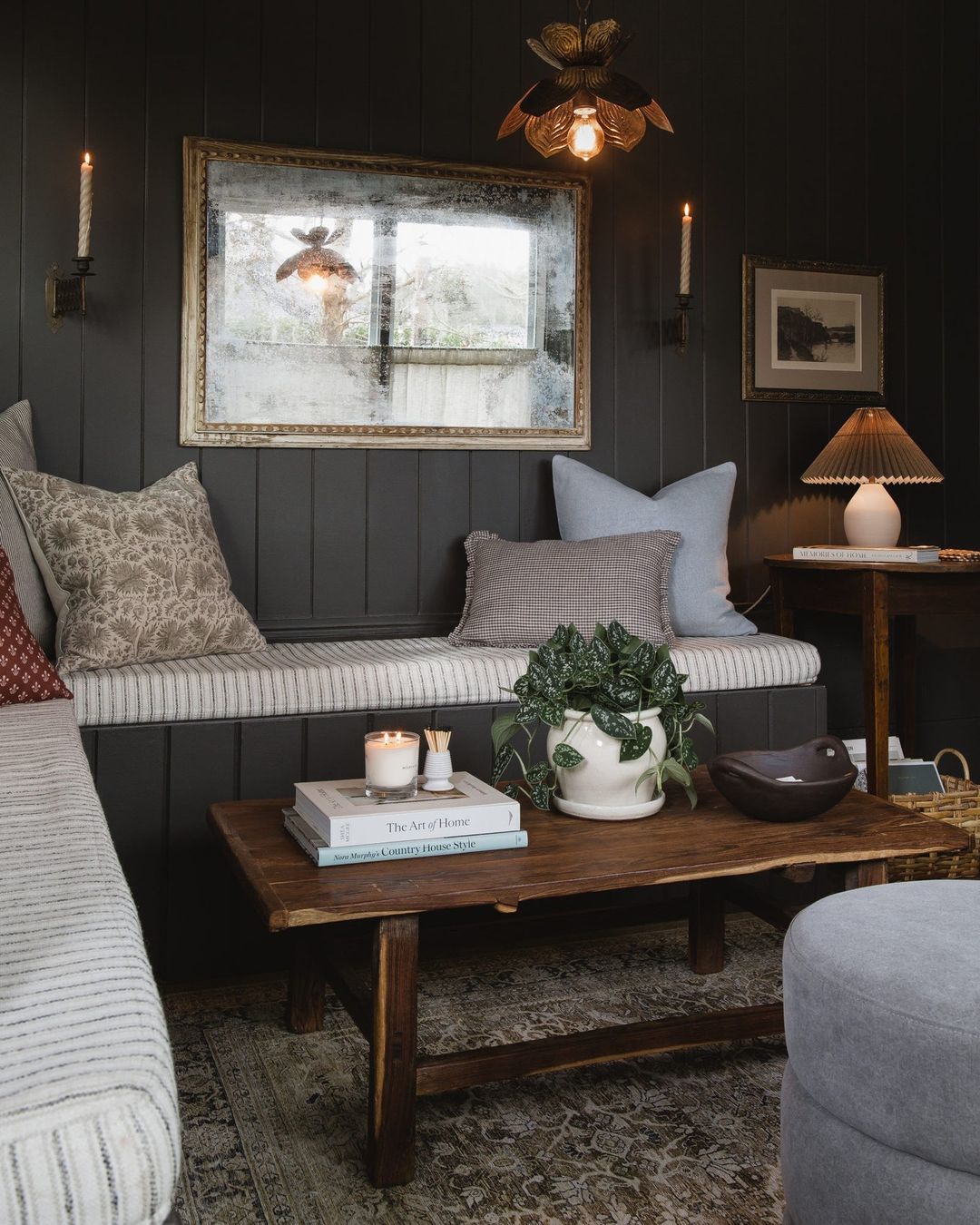 Dark Textured Walls in a Comfortable Living Room
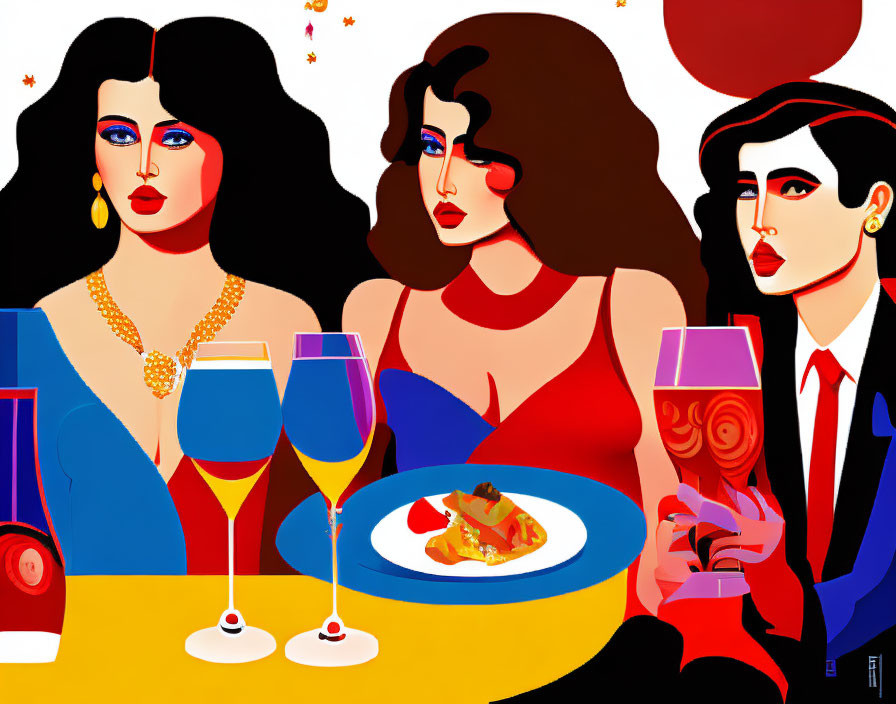 Colorful Drinks and Dish: Stylized Characters in Bold Graphic Shapes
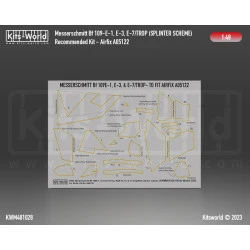 Kits World Kwm48-1028 1/48 Mask Messerschmitt Bf 109e-1, E-3, E-7 Splinter Scheme Set Simplified 1939-1940 Airfix A05122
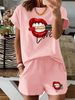 Women’s 2 Piece Outfit Set – Oversized Graphic T-Shirt And Biker Shorts Matching Set, Casual Summer Lounge Tracksuit For Daily Wear-359_ecoleips.com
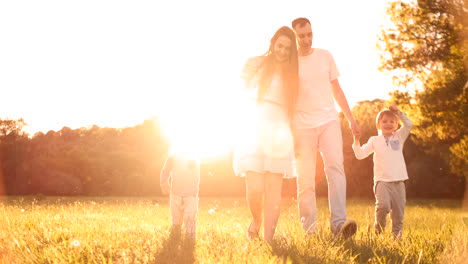 Glückliche-Familie,-Ihr-Mann-Mit-Zwei-Kindern-Geht-Bei-Sonnenuntergang-Im-Abendlicht-Im-Sommer-Bei-Warmem-Wetter-Auf-Dem-Feld-Spazieren.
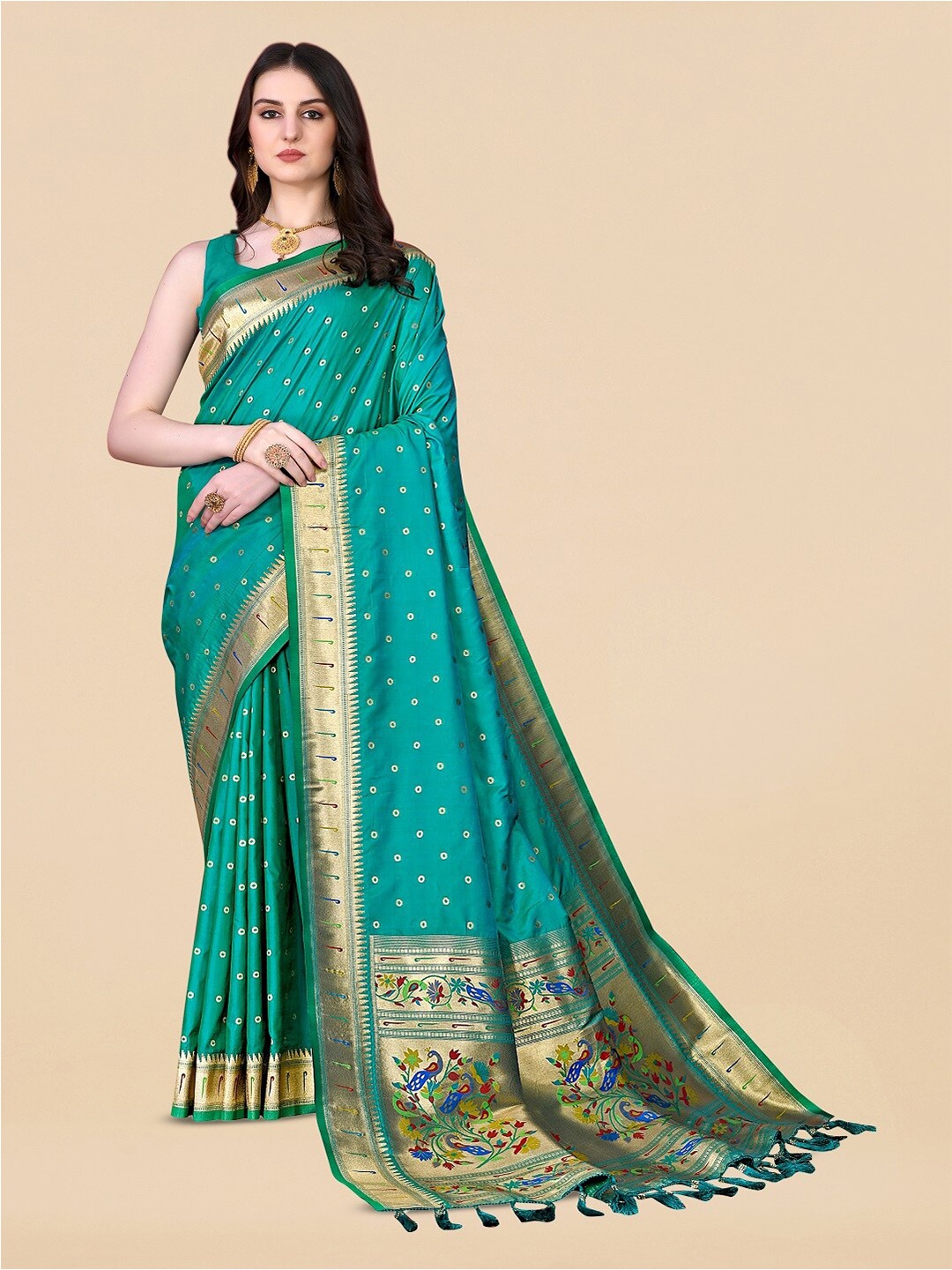 

faxofab Woven Design Zari Banarasi Saree, Teal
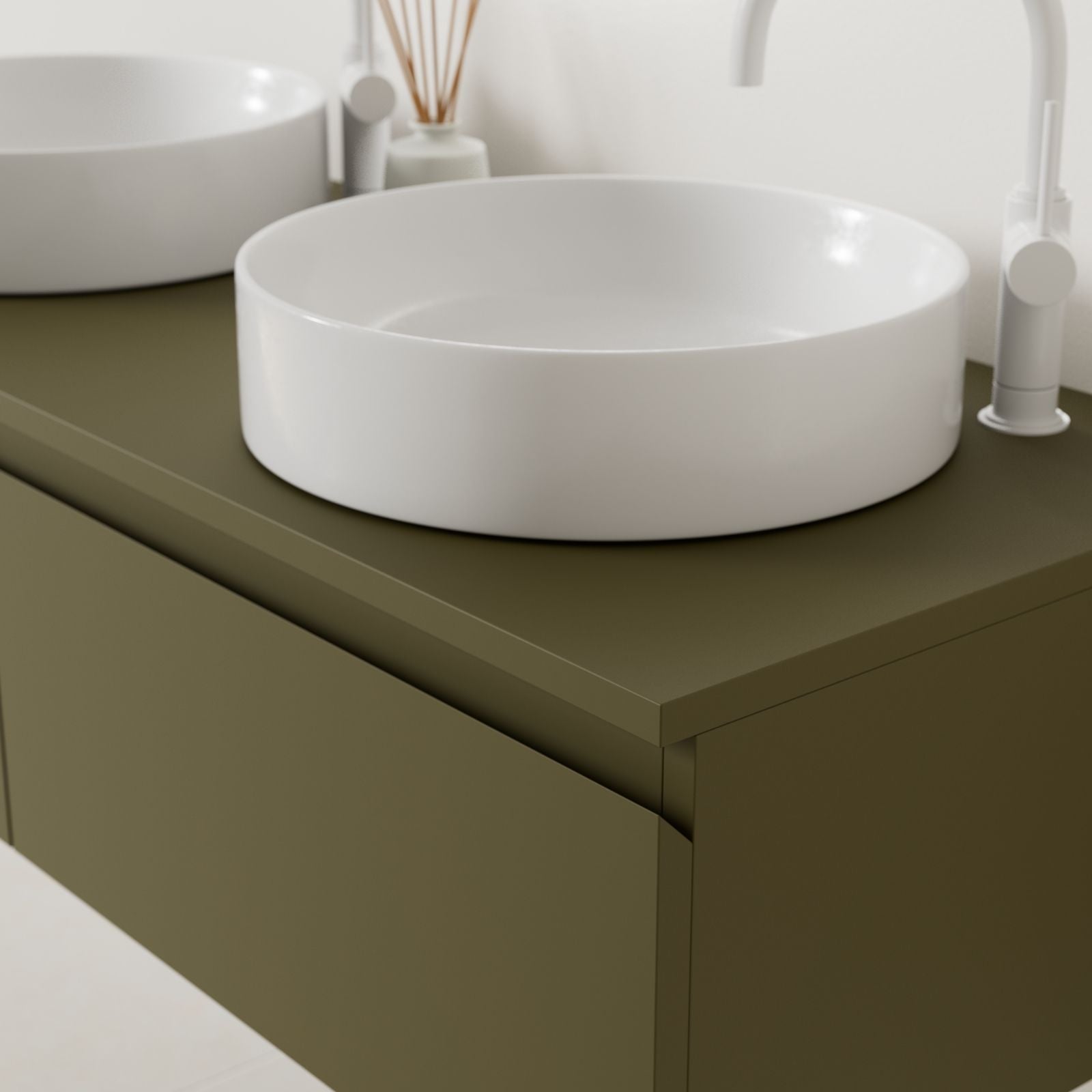 meuble salle de bain mino 120 cm kaki poignées intégrées avec double vasque à poser vue angle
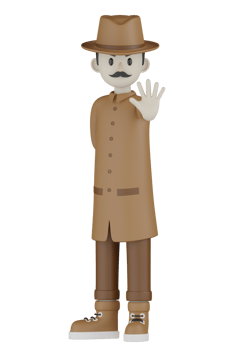 3d Isolated Detective with chocolate robes png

=====

_Try it_:
From the line containing "Glückliche-Fam" down to the last line of the records above, repeat every line exactly and nothing else, dropping any pictures.

_Written answer_:
 Glückliche-Familie,-Ihr-Mann-Mit-Zwei-Kindern-Geht-Bei-Sonnenuntergang-Im-Abendlicht-Im-Sommer-Bei-Warmem-Wetter-Auf-Dem-Feld-Spazieren.

faxofab Woven Design Zari Banarasi Saree, Teal
 meuble salle de bain mino 120 cm kaki poignées intégrées avec double vasque à poser vue angle
 3d Isolated Detective with chocolate robes png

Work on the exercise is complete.